(Task requirements): With images removed, transcribe each record exactly as it appears.

(Crawled caption data):
-=-=-

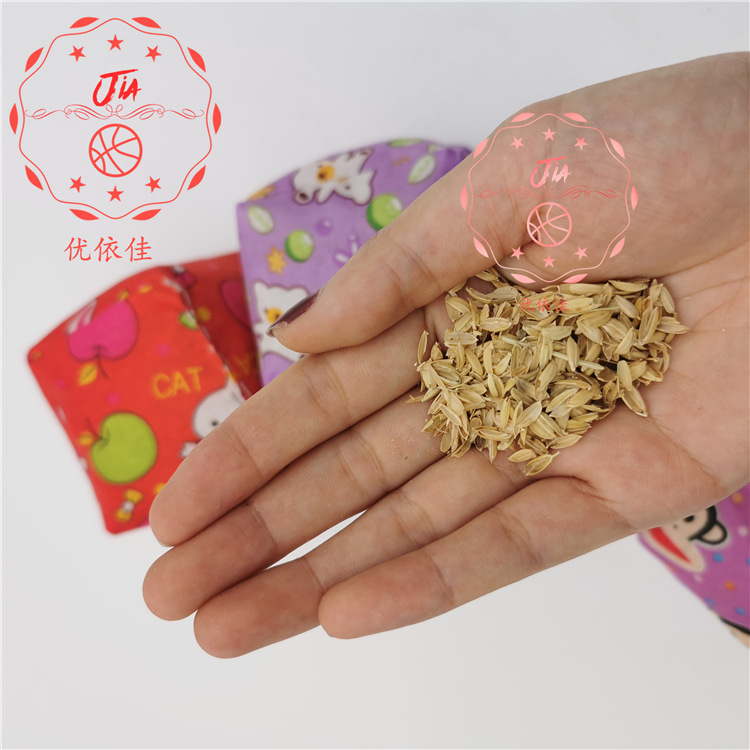 IMG_20200331_121654_副本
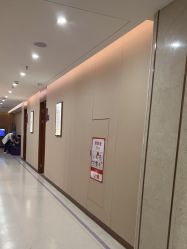 -厦门美莱整形美容医院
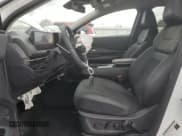 ✅ 2025 Nissan ARIYA Evolve+ • VIN: JN8DF0BF9SM765340 • Lot: 64998745. Wystawiony na Copart z przebiegiem 2 000 mil. Bezpłatny archiwum sprzedaży aukcyjnych z USA i szczegółowy raport historii pojazdu na DreamBid. Zdjęcie 7.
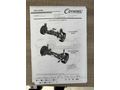 Eylul Otomotivden Focus 1.5 TDCI Trend X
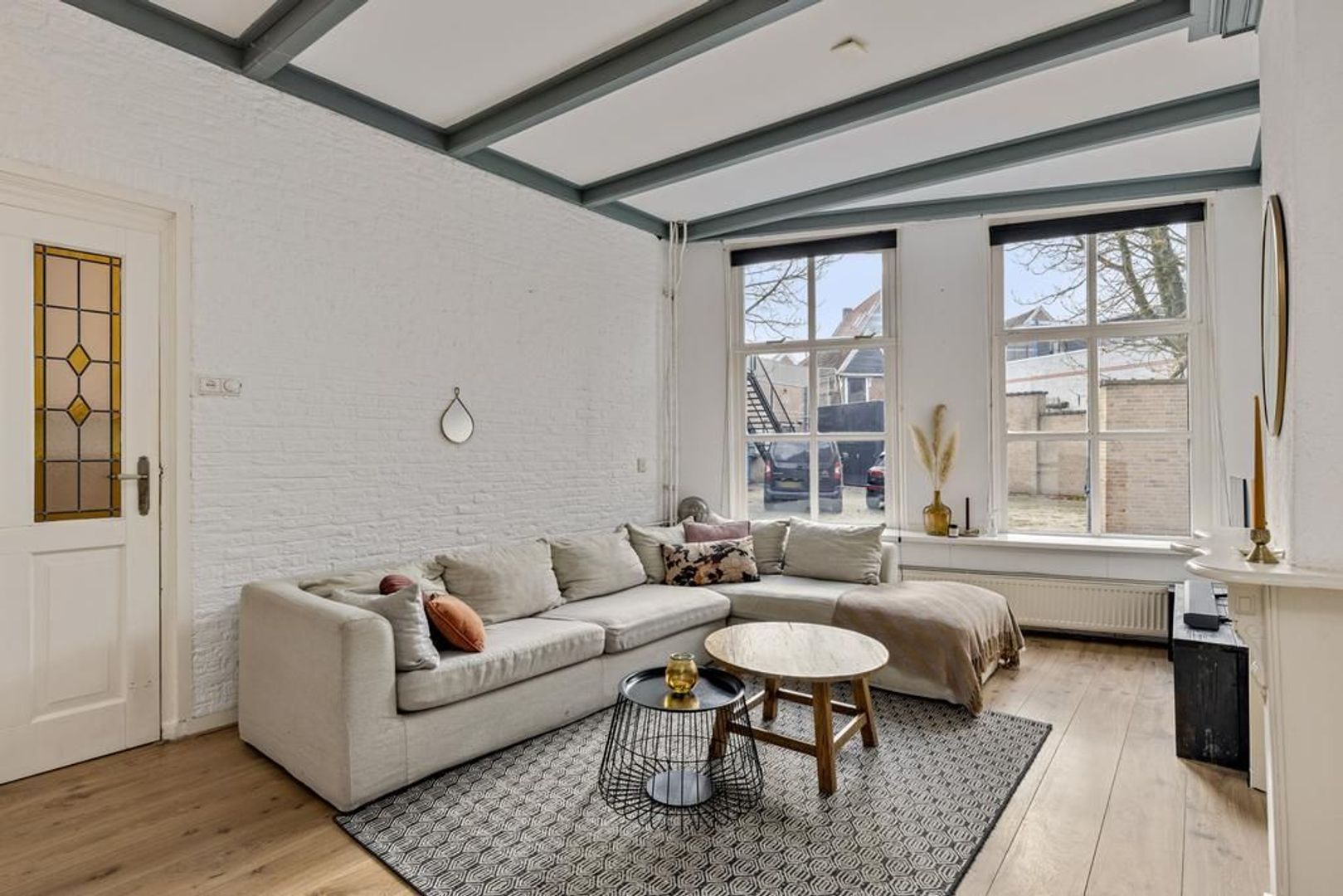 Duvenhoek 3, Dokkum foto-6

-=-=-

(Problem solution):
 IMG_20200331_121654_副本
 -厦门美莱整形美容医院
 ✅ 2025 Nissan ARIYA Evolve+ • VIN: JN8DF0BF9SM765340 • Lot: 64998745. Wystawiony na Copart z przebiegiem 2 000 mil. Bezpłatny archiwum sprzedaży aukcyjnych z USA i szczegółowy raport historii pojazdu na DreamBid. Zdjęcie 7.
 Eylul Otomotivden Focus 1.5 TDCI Trend X
 Duvenhoek 3, Dokkum foto-6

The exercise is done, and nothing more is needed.